Applying the Brakes
Bill Schiemann and colleagues knew after a decade of discoveries that two proteins played a critical role in the spread of the often deadly triple-negative breast cancer.
But what was the precise role? And why did one of the proteins, TGF-Beta, sometimes switch from putting the brakes on tumor growth to accelerating it? The work done to uncover the answers to these questions exemplifies the collaboration intrinsic to the mission of the Case Comprehensive Cancer Center. Schiemann is co-director of one of the center's top initiatives—the Breast Cancer Program—and an associate professor of general medical sciences-oncology. His co-leader on the project is Khalid Sossey-Alaoui, PhD, assistant professor of molecular medicine at Cleveland Clinic Lerner College of Medicine at Case Western Reserve and a staff member at Cleveland Clinic Lerner Research Institute.
What the scientists found was a critical relationship between TGF-Beta and WAVE3, the other protein that drew their attention. When TGF-Beta flips a switch and turns on WAVE 3, the WAVE3 protein speeds up the spread of the cancer.

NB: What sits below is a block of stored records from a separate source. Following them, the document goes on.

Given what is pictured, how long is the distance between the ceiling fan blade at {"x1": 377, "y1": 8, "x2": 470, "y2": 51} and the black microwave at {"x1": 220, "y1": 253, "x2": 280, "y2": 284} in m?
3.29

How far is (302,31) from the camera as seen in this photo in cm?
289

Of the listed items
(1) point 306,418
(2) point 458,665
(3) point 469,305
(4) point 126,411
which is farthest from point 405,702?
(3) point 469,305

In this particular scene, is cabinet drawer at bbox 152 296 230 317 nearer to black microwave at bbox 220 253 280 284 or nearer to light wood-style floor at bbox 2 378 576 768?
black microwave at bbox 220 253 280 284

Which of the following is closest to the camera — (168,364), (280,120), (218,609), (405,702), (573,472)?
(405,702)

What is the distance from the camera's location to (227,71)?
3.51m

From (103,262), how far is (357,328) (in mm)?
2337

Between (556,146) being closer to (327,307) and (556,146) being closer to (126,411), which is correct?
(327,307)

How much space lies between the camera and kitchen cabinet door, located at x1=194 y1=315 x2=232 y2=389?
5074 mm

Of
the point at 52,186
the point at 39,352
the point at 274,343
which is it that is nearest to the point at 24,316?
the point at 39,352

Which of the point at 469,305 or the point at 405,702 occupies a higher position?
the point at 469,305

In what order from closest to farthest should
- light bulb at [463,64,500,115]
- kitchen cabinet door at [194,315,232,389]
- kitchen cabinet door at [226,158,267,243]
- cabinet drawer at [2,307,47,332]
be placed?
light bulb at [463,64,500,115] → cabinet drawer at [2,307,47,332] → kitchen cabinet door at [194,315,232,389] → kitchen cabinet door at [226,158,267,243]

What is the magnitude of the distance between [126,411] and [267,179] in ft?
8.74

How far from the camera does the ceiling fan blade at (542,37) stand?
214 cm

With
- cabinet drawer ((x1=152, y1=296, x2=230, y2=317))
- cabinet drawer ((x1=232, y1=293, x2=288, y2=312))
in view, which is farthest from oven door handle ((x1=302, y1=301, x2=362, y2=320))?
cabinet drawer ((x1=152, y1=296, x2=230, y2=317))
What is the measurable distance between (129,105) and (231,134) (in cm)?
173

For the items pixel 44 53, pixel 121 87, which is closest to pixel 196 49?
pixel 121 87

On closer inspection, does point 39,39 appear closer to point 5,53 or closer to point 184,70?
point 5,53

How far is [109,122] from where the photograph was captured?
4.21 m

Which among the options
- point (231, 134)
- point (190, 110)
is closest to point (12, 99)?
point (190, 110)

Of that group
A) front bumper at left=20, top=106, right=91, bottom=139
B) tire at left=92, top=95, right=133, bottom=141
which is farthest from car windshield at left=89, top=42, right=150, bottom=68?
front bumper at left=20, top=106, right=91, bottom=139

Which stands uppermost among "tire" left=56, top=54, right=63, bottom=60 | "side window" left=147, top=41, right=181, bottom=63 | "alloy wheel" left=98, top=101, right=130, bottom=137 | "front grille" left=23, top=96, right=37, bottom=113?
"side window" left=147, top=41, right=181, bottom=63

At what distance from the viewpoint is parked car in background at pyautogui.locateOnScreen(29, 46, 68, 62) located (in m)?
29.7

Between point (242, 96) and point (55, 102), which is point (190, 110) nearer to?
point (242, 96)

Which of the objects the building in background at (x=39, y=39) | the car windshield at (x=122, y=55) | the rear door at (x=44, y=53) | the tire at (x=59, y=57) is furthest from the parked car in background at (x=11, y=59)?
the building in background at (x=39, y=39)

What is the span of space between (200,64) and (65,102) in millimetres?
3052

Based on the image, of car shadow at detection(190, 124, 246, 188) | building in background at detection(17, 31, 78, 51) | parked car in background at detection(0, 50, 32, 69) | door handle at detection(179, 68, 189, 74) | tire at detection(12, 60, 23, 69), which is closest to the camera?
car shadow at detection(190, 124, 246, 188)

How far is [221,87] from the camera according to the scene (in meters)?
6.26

But when TGF-Beta is prevented from flipping the WAVE3 switch, TGF-Beta again becomes a brake on the disease.
The discovery of the interplay opens new possibilities for the treatment of triple-negative breast cancer, a disease whose tumors are notoriously difficult to treat, frequently return after remission and rapidly spread to other parts of the body. "It has the potential to inhibit the growth and metastasis of triple-negative tumors," says Schiemann.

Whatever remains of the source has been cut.